Tubular plate battery technology
The cell overall reaction is written as:
PbO2 + Pb + 2PbSO4 Charge ↔ Discharge 2PbSO4 + 2H2O
We can see that the valency of lead (Pb°) increases to Pb2+, by releasing 2 electrons during discharge. This increase in valency is termed oxidation in electrochemical terminology.
In the other direction, the valency of lead in the lead dioxide (Pb has 4 valencies in lead dioxide) gets reduced to 2+
by absorbing the two electrons coming from the oxidation reaction. This decrease in valency is termed reduction in electrochemical terms.
These terms can also be described by the changes in the individual electrode potentials of the cell during discharge. The potential (voltage) of the lead electrode (anode during discharge) increases by moving to more positive values during a discharge. This increase in potential value is termed oxidation. Thus the negative plate potential of lead in the lead-acid cell changes from about -0.35 to about -0.20 volts. This is an increase in potential. Therefore this reaction is termed anodic in nature.

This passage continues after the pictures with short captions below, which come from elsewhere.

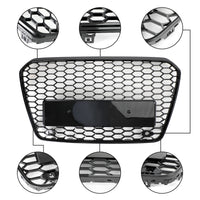 Grille Avant Maille Nid Abeille Style RS5 Noir Brillant Audi - détail du montage - Becquet Voiture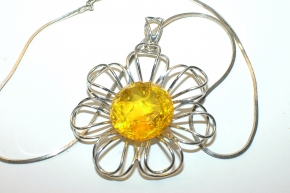 Bernstein Anhnger Blume mit 925er Sterling Silber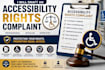 draft an accessibility rights complaint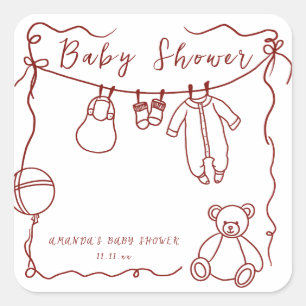 Babywäsche Babydusche Quadratischer Aufkleber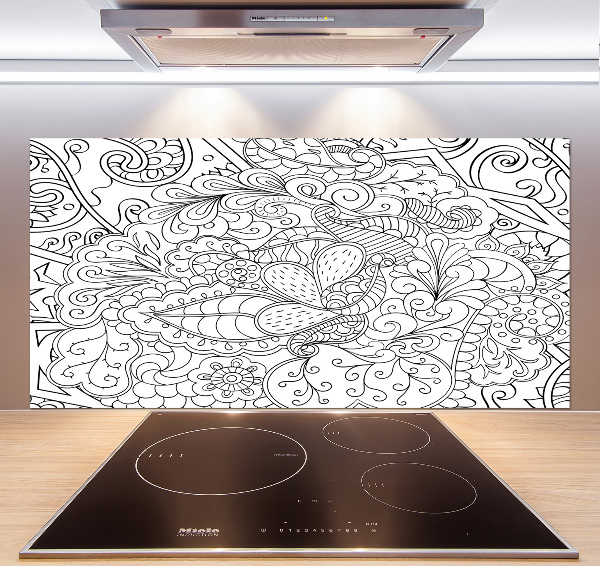 Sklenený panel do kuchynskej linky Ornamenty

On the contrary, the potential of the lead dioxide electrode (cathode during discharge) decreases by moving towards the negative side, i.e., the value becomes lower and lower as the discharge proceeds. The positive plate potential of lead dioxide in the lead-acid cell changes from about 1.69 to about 1.5 volts. This is a decrease in potential. Therefore this reaction is termed cathodic in nature and we say reduction occurs on a positive plate during discharge.
These reductions in working voltages during discharge arises due to what is called polarization, caused by a combination of overvoltage, η, and internal resistance, which occurs on both electrodes. Simply said, overvoltage is the difference in the OCV and the operating voltages.
Thus, during discharge, Edisch = EOCV – ηPOS – ηNEG – IR.
But, for the charging reaction ECh = EOCV + ηPOS + ηNEG + IR.
IR refers to the internal resistance offered by materials inside the cell like electrolyte, active material etc. The IR depends on the design of the cell, namely the separator used, the pitch between the plates, the inner parameters of active material (particle size, surface area, porosity, etc), temperature and amount of PbSO4 in the active material. It can be presented as the sum of several resistances offered by the top lead, the active mass and corrosion layer, electrolyte, separator and polarization of the active materials.
The first three factors are affected by the cell design. No general statement can be made about the polarization values, but it is usually in the same magnitude as the initial resistance offered by the top lead. Longer plates have more IR. It can be determined from the slope of the initial part of the discharge curve. For the same design, a cell of higher capacity will have a lower internal resistance. The internal resistance of a 12V/28Ah VRLAB is 6 mΩ, whereas that of a lower capacity battery (12V/ 7Ah) is 20 to 23 mΩ.
At very low η values, the relationship between η and current, I, takes the form of Ohm’s law and the above-referred equations get simplified as
Edisch = EOCV – IR.
ECh = EOCV + IR.
The above discussion deals with the discharge reaction of a lead-acid cell.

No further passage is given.